Les prix du chou, autre aliment phare des Japonais, ont même triplé (+192,5%) en l'espace d'un an, après des records de chaleur estivale suivis de fortes pluies qui ont ruiné les récoltes.
Très surveillée par le marché, l'inflation sous-jacente, corrigée des prix volatils de l'énergie et des produits alimentaires frais, s'est elle hissée à 2,5% en janvier, contre 2,4% les deux mois précédents.
S'installant très au-delà de la cible d'environ 2% fixée par la Banque du Japon (BoJ), ce fort niveau d'inflation devrait inciter l'institution à poursuivre les hausses de ses taux d'intérêt, déjà relevés en janvier.
"L'accélération de l'inflation totale et la vigueur de l'inflation sous-jacente devraient renforcer la confiance de la BoJ dans sa capacité à poursuivre son cycle de resserrement au cours des prochains trimestres", notait Toh Au Yu, analyste de Capital Economics.
Et ce d'autant plus que le sursaut plus vigoureux qu'attendu de la croissance économique nippone au quatrième trimestre 2024 a pu rassurer l'institution sur la dynamique de la conjoncture.
- Plan de relance -

Des choux en vente dans un supermarché à Tokyo, le 21 janvier 2025 ( AFP / Richard A. Brooks )
Afin de contrer le retour de l'inflation dans le pays depuis presque trois ans, la Banque du Japon avait entamé en mars 2024 un resserrement de ses taux, après dix ans de politique monétaire ultra-accommodante où ils étaient restés quasi-nuls.
Alors que cette inflation plombe les dépenses des ménages (elles ont reculé de 1,1% l'an dernier) et pèse sur l'activité, le Premier ministre Shigeru Ishiba a fait adopter mi-décembre un plan de relance colossal équivalant à 136 milliards d'euros, censé doper le pouvoir d'achat et relancer la consommation.
Outre des enveloppes aux ménages et une baisse des revenus imposables, ce plan prévoit un rétablissement temporaire de subventions pour l'énergie et le carburant, suspendues fin 2024, ce qui a contribué à l'envolée des prix.
Les effets ne sont pas encore là: "Si l'augmentation des prix de l'électricité s'est quelque peu atténuée, la progression des prix de l'essence et du kérosène s'est encore accentuée", a reconnu le ministère des Affaires intérieures.
De vastes négociations sont par ailleurs en cours pour revaloriser de façon importante les salaires, ce qui pourrait également renforcer la demande.
L'archipel nippon, après avoir subi pendant des décennies une inflation quasi inexistante et même la déflation, a connu un virage depuis 2021, avec une hausse des prix à la consommation systématiquement supérieure ou égale à 2% depuis avril 2022.

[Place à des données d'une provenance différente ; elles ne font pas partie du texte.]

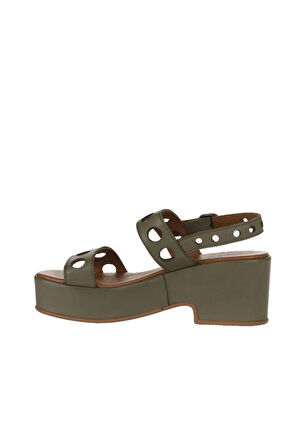 Bueno Shoes Yeşil Deri Kadın Dolgu Topuklu Sandalet 01wu8105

Une dynamique à laquelle contribue l'affaiblissement du yen face au dollar, qui renchérit les produits importés.
Or, en dépit d'un sursaut fin 2024, l'économie nippone reste fragile: le Japon a vu la croissance de son Produit intérieur brut (PIB) s'essouffler à 0,1% sur l'ensemble de l'année 2024, après +1,5% en 2023 (en termes réels, corrigés de l'inflation).
L'économie reste dépendante à la fois de la consommation privée, toujours en berne sur fond d'inflation tenace, et de ses exportations, lesquelles pourraient être menacées par les barrières douanières envisagées par le président américain Donald Trump, notamment celles visant l'automobile.